営業力とは、個人力とチーム力の掛け算である

営業力とは、個人力とチーム力の掛け算である

2024/08/02

営業力とは、個人力とチーム力の掛け算である


テーマ②「営業力とは、個人力とチーム力の掛け算である」

 ある中小企業のA社長より業績向上、営業力向上について相談を受けました。その会社は個人のお客様を相手に、高額商品を販売しています。

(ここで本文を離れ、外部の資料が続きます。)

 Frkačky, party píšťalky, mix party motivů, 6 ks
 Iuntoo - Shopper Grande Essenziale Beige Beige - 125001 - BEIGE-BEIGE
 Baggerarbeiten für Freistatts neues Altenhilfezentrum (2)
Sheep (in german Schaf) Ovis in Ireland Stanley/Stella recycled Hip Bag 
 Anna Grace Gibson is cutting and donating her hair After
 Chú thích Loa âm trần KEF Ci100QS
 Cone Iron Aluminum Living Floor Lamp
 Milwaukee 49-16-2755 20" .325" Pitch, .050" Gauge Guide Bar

    A社長「吉田さん、4~5年前より、ある拠点の売上が低迷しています。売上向上のために、営業力向上の取り組みを行っているのですが、なかなか成果が上がりません。」私は次のように質問をしました。「具体的にはどのような取り組みをされているのですか?」A社長「売上低迷の原因は各営業個人の営業力が低迷していることと考えています。売れる営業と売れない営業の差をなくすため、成績不振者に対し、個別指導を行っています。モチベーション向上のための面談、ロールプレイング、営業現場での同行指導などです。」吉田「なるほど、それは良い取り組みですね」A社長「各営業のスキルさえ上がれば拠点は目標達成できるはずです。」その後、業績向上のための支援を行うこととなり、まずは現状分析のための営業組織診断を行うこととしました。

 ◆「課題を的確に分析できているか」

    一言で「営業力向上」と言っても、顧客訪問回数の増加、商品知識の向上、お客様への提案力など、やるべきことは山のようにあり、何から手を付ければ良いのか分からないというのが実際のところでないでしょうか。そのような場合、是非、左の図で貴社の営業力の現状を分析、把握してください。どこに課題があり、改善すればよいのかが明確になるはずです。

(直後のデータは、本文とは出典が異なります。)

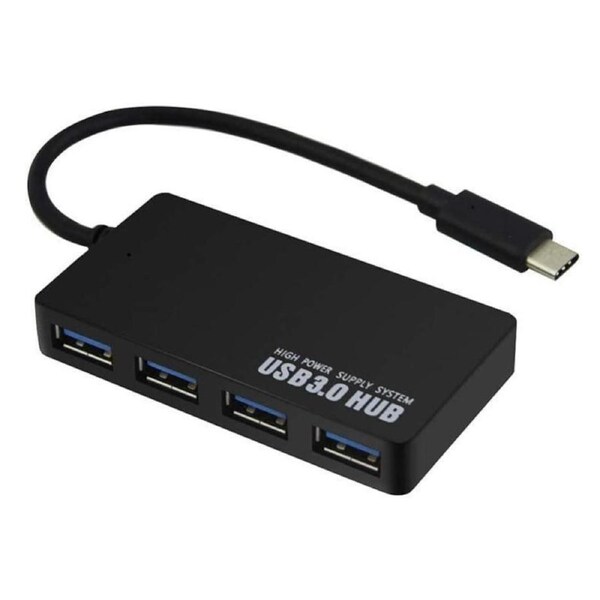 USB Type-C 3.0 4 Port Multi Extension HUB Expansion High Speed Silm
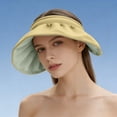 thumbnail image 6 of jobturf Wide Brim Visor Hats for Women Sun UV Protection Golf Hat Summer Lightweight Ponytail Hats Vacation Beach Essentials, 6 of 6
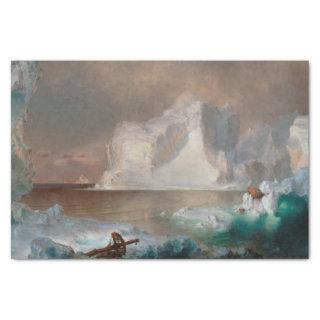 The Icebergs by Frederic Edwin Church Tissue Paper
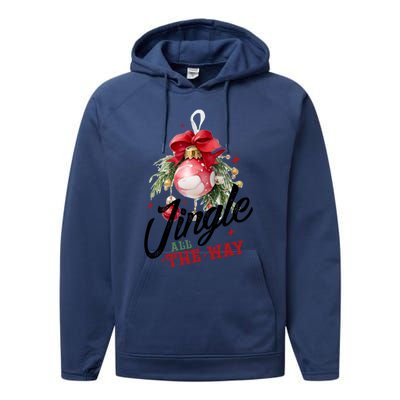 Jingle All The Way Festive Holiday Design Funny Gift Performance Fleece Hoodie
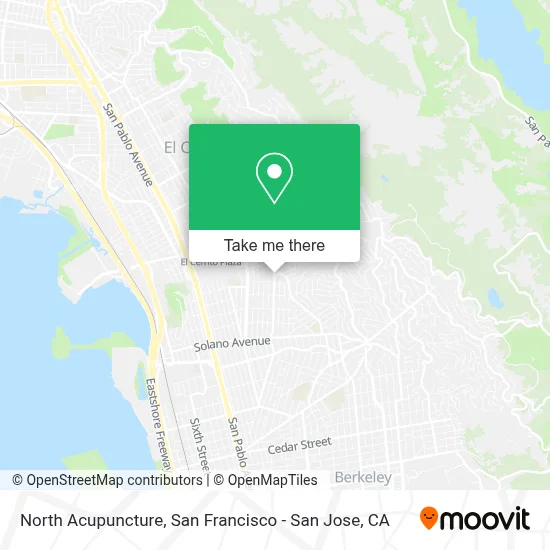 North Acupuncture map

    営業力は個人の力を伸ばすだけで向上するわけでもなく、仕組みを改めるだけで改善するわけでもありません。あくまでも個人とチーム両面から手を打つことが必要です。個人の力とは、次の4つです。①ヤル気、②行動力、③知識、④商談力。次にチームの力とは3つです。①標準化、②行動管理、③顧客管理。

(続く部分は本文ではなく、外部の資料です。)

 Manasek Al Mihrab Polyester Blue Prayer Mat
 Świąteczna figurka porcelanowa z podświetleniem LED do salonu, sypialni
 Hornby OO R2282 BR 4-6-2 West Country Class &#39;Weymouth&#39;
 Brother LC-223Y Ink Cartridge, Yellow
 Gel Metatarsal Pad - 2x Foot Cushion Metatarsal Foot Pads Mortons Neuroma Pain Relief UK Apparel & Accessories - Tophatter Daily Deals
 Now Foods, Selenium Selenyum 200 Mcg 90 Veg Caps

 20年以上前、まだ日本が人口増の時代は、個人のスキルを伸ばしていけばある程度、営業力は向上し、売上はついてきました。しかしながら、いまは、人口爆減時代。待っていてもお客様はやってきません。また、ネット、SNSにより情報は簡単に取得でき、小手先の話法やスキルが通用しません。つまり、個人の力を伸ばすだけでは、目標達成どころか売上は低迷してしまいます。個人の力の向上とともに、チームの力をどのように伸ばしていくかが、いまの時代の営業の肝となります。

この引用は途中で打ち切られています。